Terakhir, terdapat kutipan dalam pengantar Buku Laporan Penelitian “Mekanisme Impeachment dan Hukum Acara Mahkamah Konstitusi” Tahun 2005 yang ditulis oleh Prof. Dr. Jimly Asshiddiqie, mengenai kewenangan Mahkamah Konstitusi ialah sebagai berikut:
“Dalam ayat yang berbeda dari 4 kewenangan Mahkamah Konstitusi lainnya yang disebutkan dalam pasal 24C ayat (1), pada ayat (2) pasal tersebut menyatakan bahwa Mahkamah Konstitusi wajib memberikan putusan atas pendapat Dewan Perwakilan Rakyat mengenai dugaan pelanggaran oleh Presiden dan/atau Wakil Presiden menurut Undang-Undang Dasar.

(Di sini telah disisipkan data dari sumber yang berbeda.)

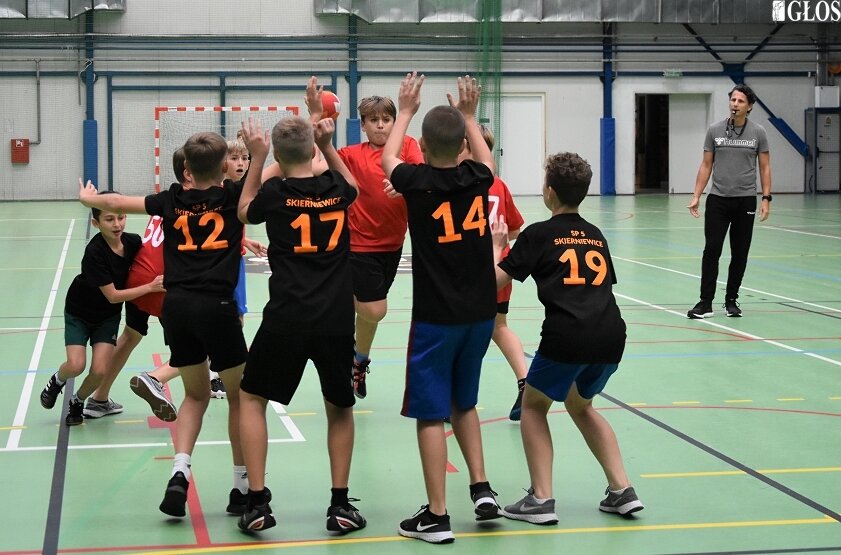 Turniej piłki ręcznej w ramach Igrzysk Dzieci wygrały reprezentacje SP nr 9 i SP nr 4.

Adanya ketentuan ini tentu memancing perdebatan dan perbedaan penafsiran atas setidaknya 2 (dua) masalah yaitu pertama mengapa penyusun Perubahan UUD 1945 memisahkan kewenangan MK dalam memeriksa perkara ini? Dan kedua mengenai objek dari perkara ini, apakah MK memeriksa pendapat DPR ataukah MK juga berwenang untuk “mengadili” Presiden dan/atau Wakil Presiden? Permasalahan ini memancing perdebatan dan perbedaan penafsiran secara akademis. Oleh sebab itu, banyak yang bisa digali dan diteliti mengenai penafsiran ketentuan hingga proses teknis dari mekanisme impeachment ini”.
Maka dari itu, dalam rangka memperingati 20 Tahun MK, hal ini menjadi salah satu harapan publik yang tak kalah pentingnya dari berbagai permasalahan yang timbul dan menumbuhkan banyak harapan pula untuk mendapatkan penyelesaiannya, semoga peran MK dalam memeriksa dan mengadili dugaan pelanggaran hukum yang dilakukan oleh Presiden dan/atau Wakil Presiden dapat semakin mendapatkan kepastian atau ketetapan yang tidak lagi diperdebatkan.